## PROBLEM TO SOLVE
Skip all pictures; return exactly the lines from the one containing "Vista 2 de Real" through the end of the data.

## RAW DATA

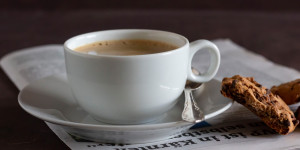 Beitragsbild des Blogbeitrags So gehst du richtig mit Koffeinentzug Symptomen um!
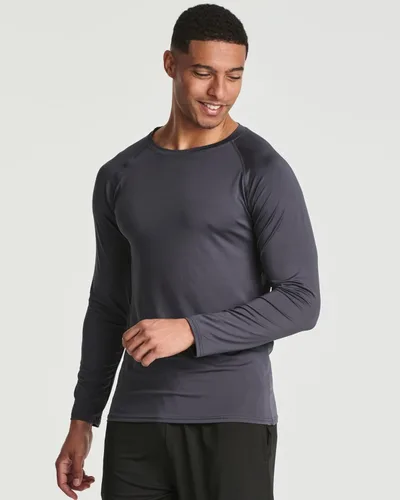 Vista 2 de Real Essentials Paquete de 4 camiseta de compresión de manga larga para hombre para clima frío (disponible en tallas grandes y altas)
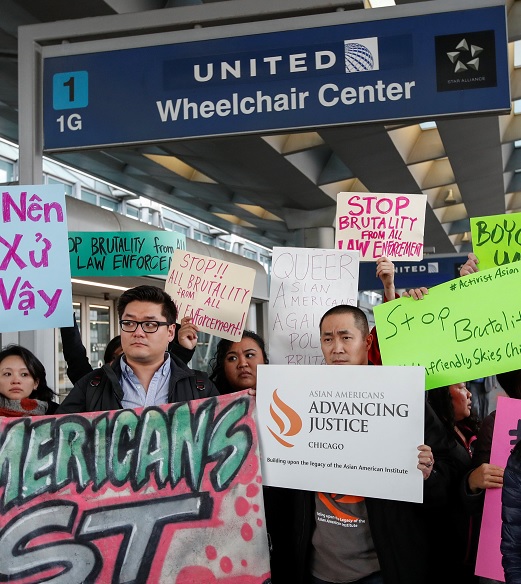 Miembros de la comunidad asiática protestan por el trato recibido de United Airlines contra David Dao, quien fue retirado por la fuerza en un vuelo en Chicago (Reuters)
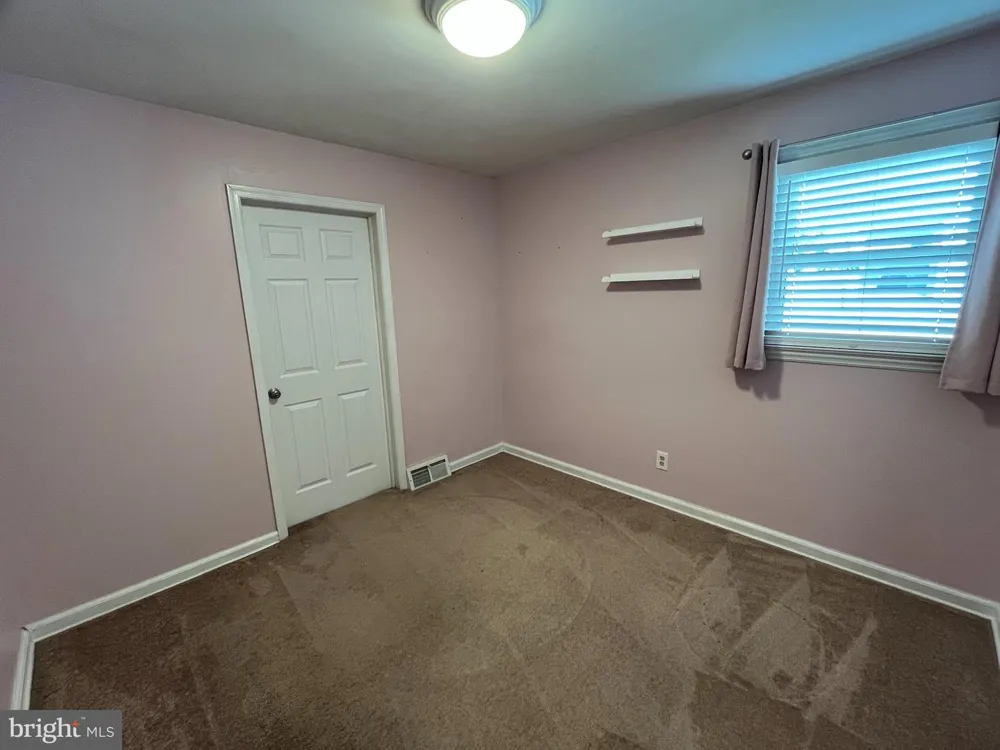 23 PAUL ROAD Maple Shade, NJ 08052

## RESPONSE BOX
 Vista 2 de Real Essentials Paquete de 4 camiseta de compresión de manga larga para hombre para clima frío (disponible en tallas grandes y altas)
 Miembros de la comunidad asiática protestan por el trato recibido de United Airlines contra David Dao, quien fue retirado por la fuerza en un vuelo en Chicago (Reuters)
 23 PAUL ROAD Maple Shade, NJ 08052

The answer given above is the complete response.